If you think about what… And I think what I texted you, I think it showed there is… Because I think there is some truth to the fact that men, masculinity, fathers, etc., there is a edge to that that people don’t like because they’ve been so harmed by it. Rightly so, been so damaged by it, rightly so. The bad pictures of it, the bad toxic masculinity, all these things, which I actually am on board with, all of those indictments. But I think sometimes the religious [inaudible 00:02:02] can come so hard on that that they just think there is actually still a space in a lot of people’s hearts of almost this natural, innate desire for fatherhood. And what I love about him, which I think is perfect, is he’s so gentle and fun, and I’m like, man, just this gentle, incredible, loving, present father. I think there’s still so much desire for that.

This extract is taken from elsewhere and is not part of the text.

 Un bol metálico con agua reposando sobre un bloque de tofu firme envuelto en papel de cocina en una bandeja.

Honestly, just go read the comments. He’s telling people how to fix a toilet and the comments really don’t have anything to do with that. The comments have to do with, “I lost my dad,” or, “My dad left and I’m crying.” It’s such a relational connection, it’s crazy. But I don’t know; what did you think about it?

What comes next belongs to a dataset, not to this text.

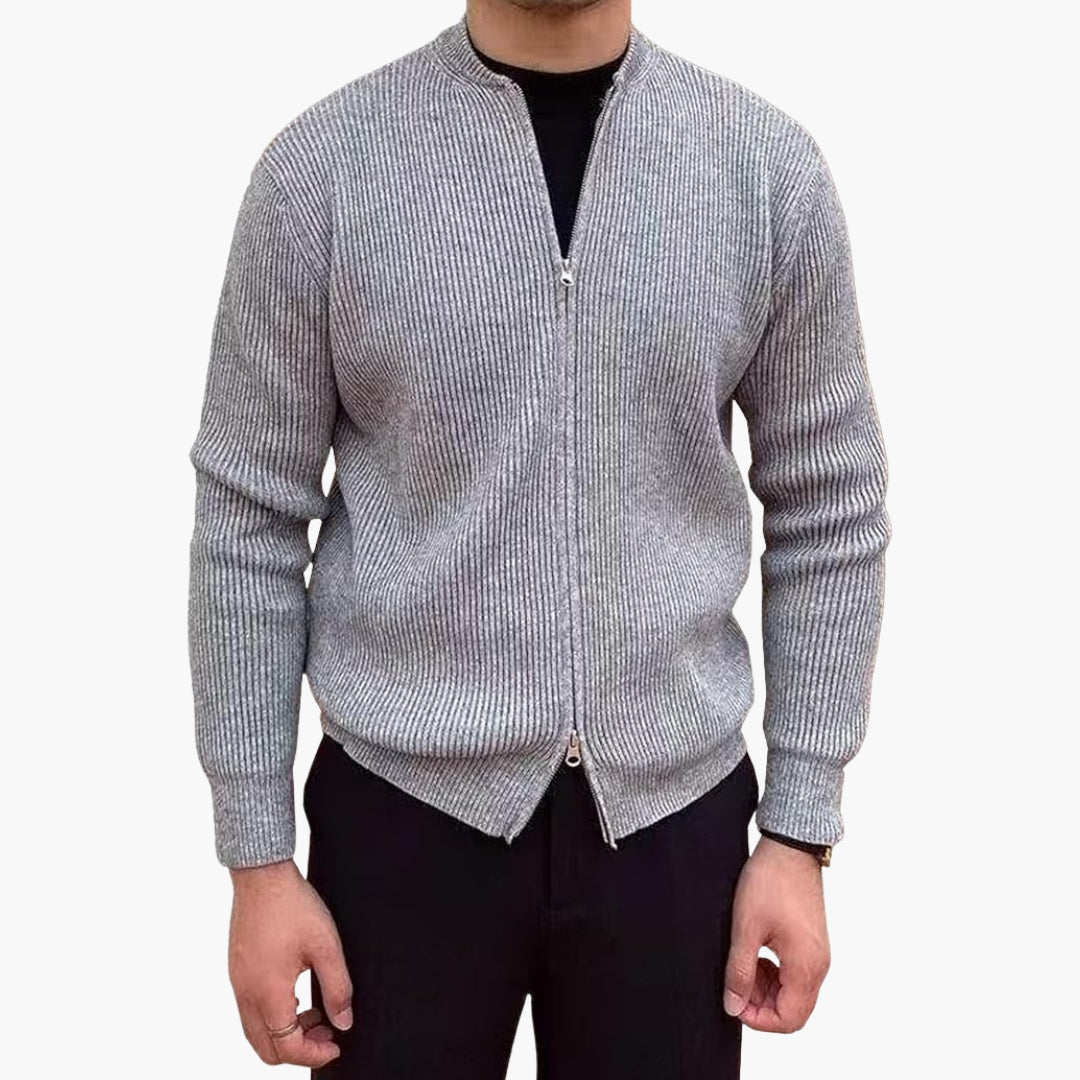 Gilet da uomo con zip in maglia a coste collo tondo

It does seem to suggest that we’re starving for basic fatherhood. For somebody to be able to pick up an iPhone and shoot videos to his kids about basic dad-ish things, and for that to be… It just demonstrates… We don’t ever get away from this. I think one of the things that… It’s also very hopeful to me, that no matter how much the culture deconstructs some of these basic roles that are in the family, it’s never going to go away. It’s innate in the design. If you try to crush it in one area, it’s kind of like whack-a-mole; it’s just going to pop up in some other area.

I think there’s been a lot of confusion in this area around fatherhood, and a lot of denigration, and I think now you’re seeing people looking for… We need this. It’s like a nutrient that people are starving for, and so to see… And I think this guy had just the right spirit. I think a lot of the frustration people are feeling is a spirit of domination or something, and this guy just was clearly a servant. He was competent; that’s another thing. I think that’s not to be understated. I think the fact that he knew what he was doing, could fix things, and just made you feel protected and loved at the same time, and not crushed. That is such a beautiful thing to see.

Yeah, and there was even one comment, which I thought was so true, of humans are so good at reading in between the micro-body language, emotions, etc. Someone made a comment that I loved, which was true, once I read it, was like, “Man, when you watch his videos, watch how much he looks at the camera with genuine care for having you understand.” There’s a way to do it where it could just be like, “This is how you do it. Here’s the facts.” You literally feel like he’s talking to you, he’s so personal. It feels so homey, and I think all the elements add up to a really fun, cool example, that I think we are desiring fatherhood and the apprenticeship of parenthood. For the moms listening, I’ll say same thing, that this goes to moms and dads. There’s an apprenticeship to parenthood that we’ve lost. We’ve turned parenthood into more passing on information, passing on facts, rather than this, “Come alongside, I’m going to teach you a way of life.” I think that is missing, which I think he shows for sure.